What needs to be done: Excluding every picture, print exactly the lines from the one containing "She built a" through the end of the material below, both ends included.

Exercise materials:
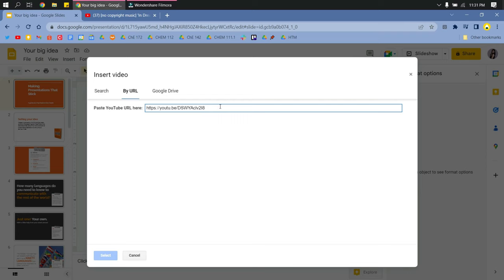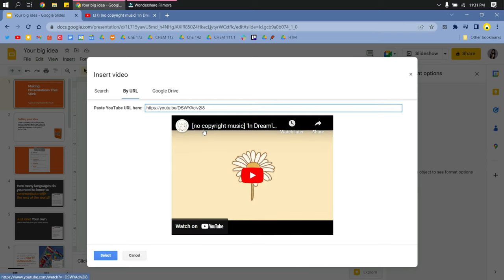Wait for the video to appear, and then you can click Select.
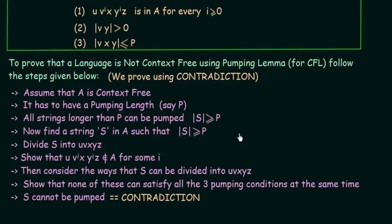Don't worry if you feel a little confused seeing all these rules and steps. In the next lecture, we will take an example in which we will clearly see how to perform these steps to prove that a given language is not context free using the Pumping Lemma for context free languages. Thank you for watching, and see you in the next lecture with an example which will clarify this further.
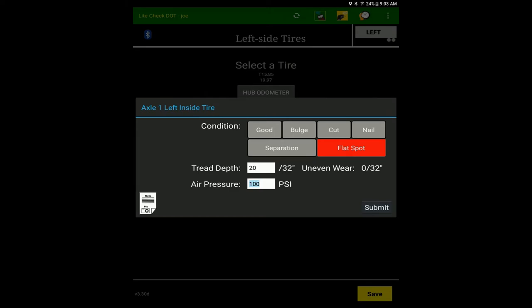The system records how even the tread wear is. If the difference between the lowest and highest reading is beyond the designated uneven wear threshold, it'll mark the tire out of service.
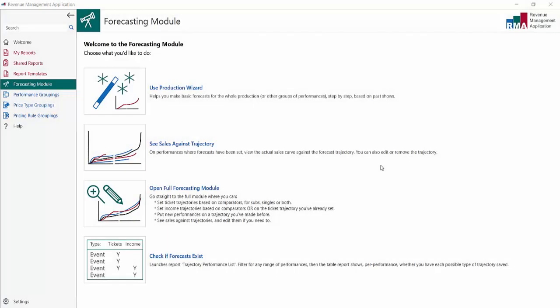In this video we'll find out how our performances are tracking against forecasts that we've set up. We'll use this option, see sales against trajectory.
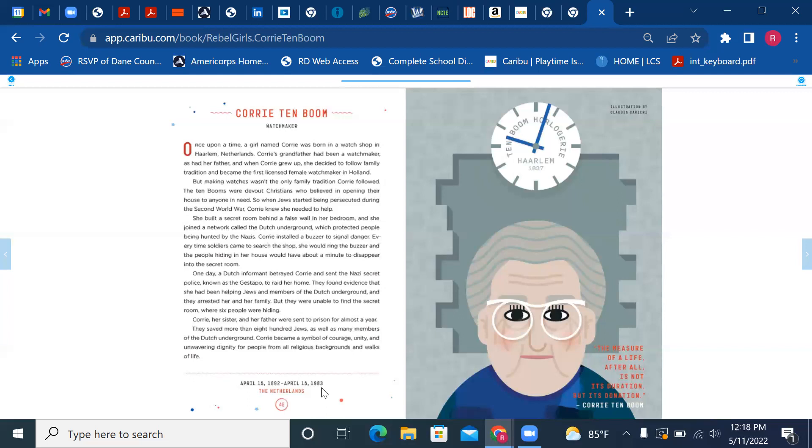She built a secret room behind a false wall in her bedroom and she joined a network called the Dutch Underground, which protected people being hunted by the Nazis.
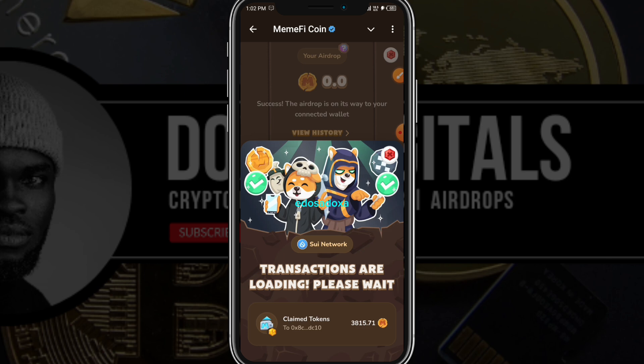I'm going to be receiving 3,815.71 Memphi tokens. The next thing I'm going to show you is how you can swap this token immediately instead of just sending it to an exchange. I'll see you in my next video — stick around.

Response:
She built a secret room behind a false wall in her bedroom and she joined a network called the Dutch Underground, which protected people being hunted by the Nazis.
I'm going to be receiving 3,815.71 Memphi tokens. The next thing I'm going to show you is how you can swap this token immediately instead of just sending it to an exchange. I'll see you in my next video — stick around.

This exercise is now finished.